Differences in the syntax and behavior of the two issuers are covered in the further topics below, but we also include here two tables for reference, to summarize the differences in both features and syntax that are explained with more context further down this page.

Services supported by each type of issuer

Service AP Issuer IGWN Issuer
GraceDB ❌ ✅
Segment Database ✅ ✅
GWDataFind ✅ ✅
OSDF ✅ ✅
CVMFS ✅ ✅
Access /igwn/cit from single user account ✅ ✅
Access /igwn/cit from shared account ✅ ❌

Since GraceDB does not support the AP token issuer, if your workflow needs to use that issuer for other reasons and you also require access to GraceDB, you should setup such a workflow to use X.509 credentials for GraceDB access.

Syntax and commands for each type of issuer

Syntax or command AP Issuer IGWN Issuer
Submit file: use_oauth_services = scitokens igwn
Custom "audience" via
<issuer>_oauth_resource
❌ ✅
Custom "scopes" via
<issuer>_oauth_permissions
❌ ✅
Format for transfer_input_files osdf:// igwn+osdf://
BEARER_TOKEN_FILE
for CVMFS access
$$(CondorScratchDir)/.condor_creds/scitokens.use $$(CondorScratchDir)/.condor_creds/igwn.use
Multiple tokens using "handles" ❌ ✅
Requires interactive response ❌ ✅
Must call
condor_vault_storer before
condor_submit_dag
❌ ✅
Robots require kerberos and HTGETTOKENOPTS ❌ ✅
Generate token outside of HTCondor Not possible With htgettoken

The basic usage valid for the majority of IGWN contexts is as follows:

Using a token in a job

To use a SciToken in an HTCondor job, add these commands to your HTCondor submit instructions:

use_oauth_services = scitokens
use_oauth_services = <issuer>
<issuer>_oauth_resource_<handle> = <service-url>
<issuer>_oauth_permissions_<handle> = <capability>

Where

  • <issuer> is the name of the token issuer to use. For a submit node running the AP issuer, this must be scitokens. For a submit machine supporting the IGWN issuer, this will in all cases for production workflows be igwn. For some testing applications, you can use igwn-test.

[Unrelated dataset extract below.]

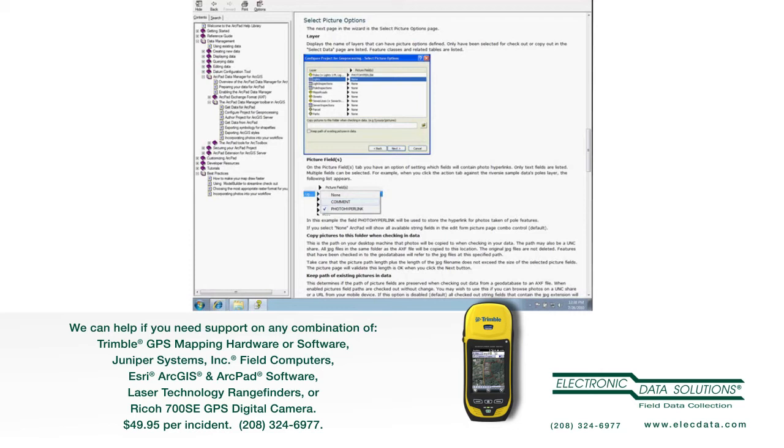And what's more, when I check that data in, the photo name itself, which on the device could be my documents, my pictures, photo one, will be renamed to Z photos, ArcPad collection, photo one.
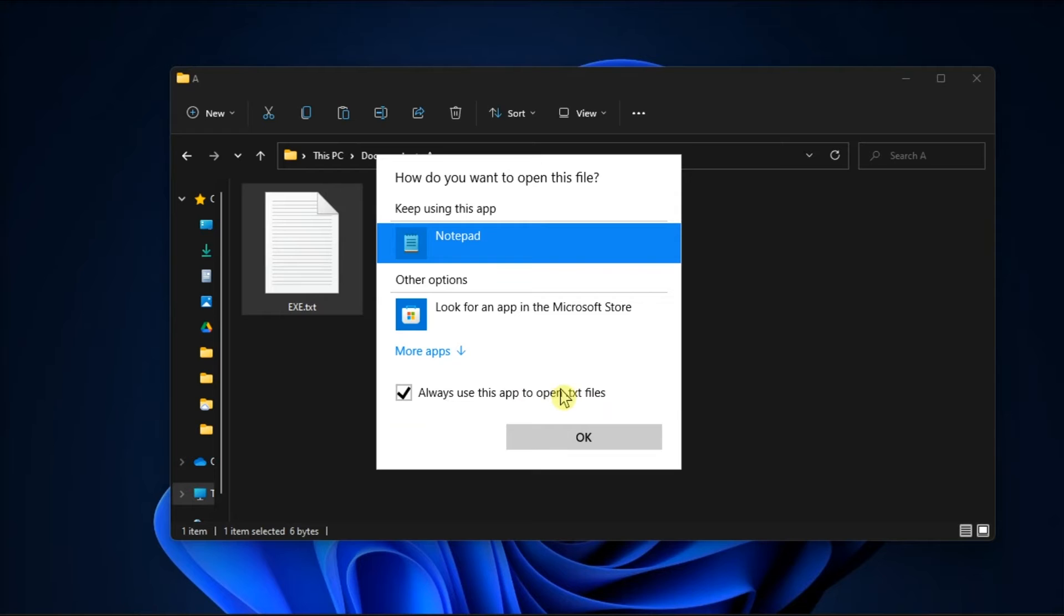Then, choose the Windows command processor or the Windows Explorer as a default application.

  • <service-url> is the fully-qualified URL of the service to access. This is also referred to as the 'audience' (aud) of the token.

    Note that this submit option is not available on a submit node configured for AP issued tokens, and should not be provided. On IGWN issuer submit nodes, it is optional, and will default to

    igwn_oauth_resource = ANY
    

    OSDF and CVMFS do not support audience URLs

    When using SciTokens to access protected data via OSDF or CVMFS, there is no URL for the service to use in the aud, claim. For these uses cases, just use ANY.

  • <capability> is the access level that is needed. This is also referred to as the 'scope' (scope) of the token. This can be a space-separated list of multiple scopes.

    Note that this submit option is not available on a submit node configured for AP issued tokens, and should not be provided. On IGWN issuer submit nodes, it is optional and will default to all scopes enabled for the user's 'role' (as defined by vault.ligo.org).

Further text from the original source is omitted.